Additionally, rash events were found in 15 children (20%), but none were identified as serious or made a child stop the therapy. Researchers further observed that 12 children (16%) had a pulmonary exacerbation.

Secondary endpoints

When evaluating the absolute change in sweat chloride concentration from baseline to week 24, researchers found that reductions at week 4 lasted until the end of the study. By week 24, they found a mean change of –57.9 mmol/L (95% CI, –61.3 to –54.6).

Researchers also found that the triple therapy led to lower LCI2.5 by the conclusion of the study (mean absolute change, –0.83 units; 95% CI, –1.01 to –0.66).

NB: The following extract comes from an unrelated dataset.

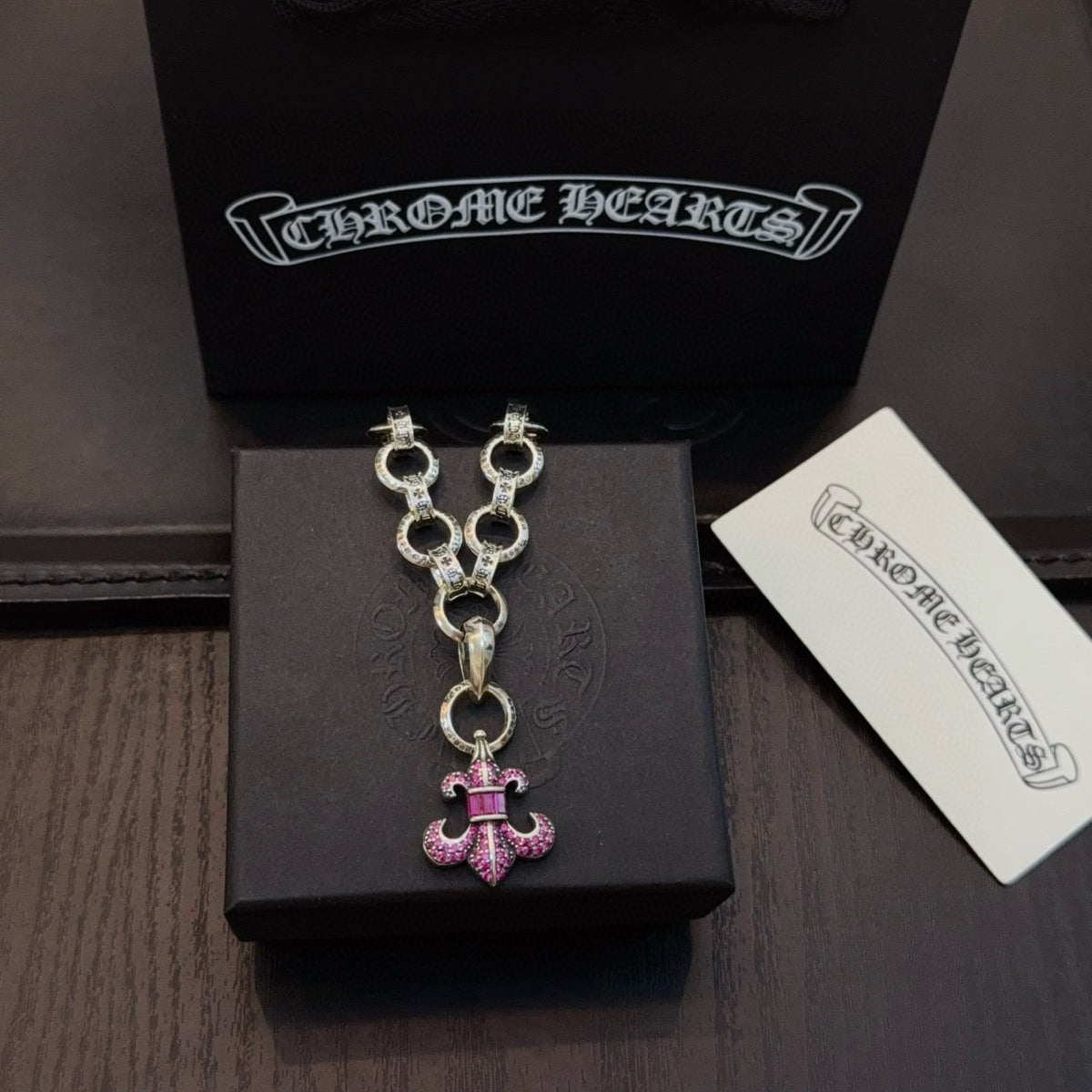 antique crystal cross Pendant for men - alternate angle view 5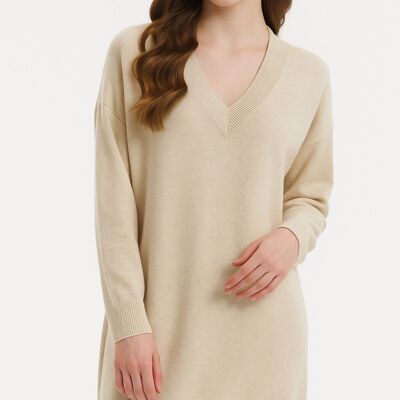 Weiches Strickkleid mit V-Ausschnitt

At week 24, mean BMI continued to be in the normal range that was observed at baseline. Rosenfeld and colleagues further observed normal growth parameters both at baseline and throughout the 24 weeks for BMI-for-age z score (mean absolute change, 0.1; 95% CI, 0-0.2), weight-for-age z score (mean absolute change, 0.02; 95% CI, –0.04 to 0.09) and height-for-age z score (mean absolute change, –0.06; 95% CI, –0.11 to 0).

At week 24, researchers additionally reported an increase, though not statistically significant, in fecal elastase-1 (mean absolute change, 39.5 µg/g), a decrease in immunoreactive trypsinogen (mean absolute change, –166.6 µg/L) and a decrease in fecal calprotectin (mean absolute change, –289.66 mg/kg), which Susanna A. McColley, MD, scientific director for interdisciplinary research partnerships at Stanley Manne Children’s Research Institute and attending physician in pulmonary medicine at Ann & Robert H. Lurie Children’s Hospital of Chicago, previously told Healio are important when considering patients that will benefit from the treatment.

“Future studies may evaluate ELX/TEZ/IVA in younger populations or evaluate longer-term outcomes,” Rosenfeld told Healio.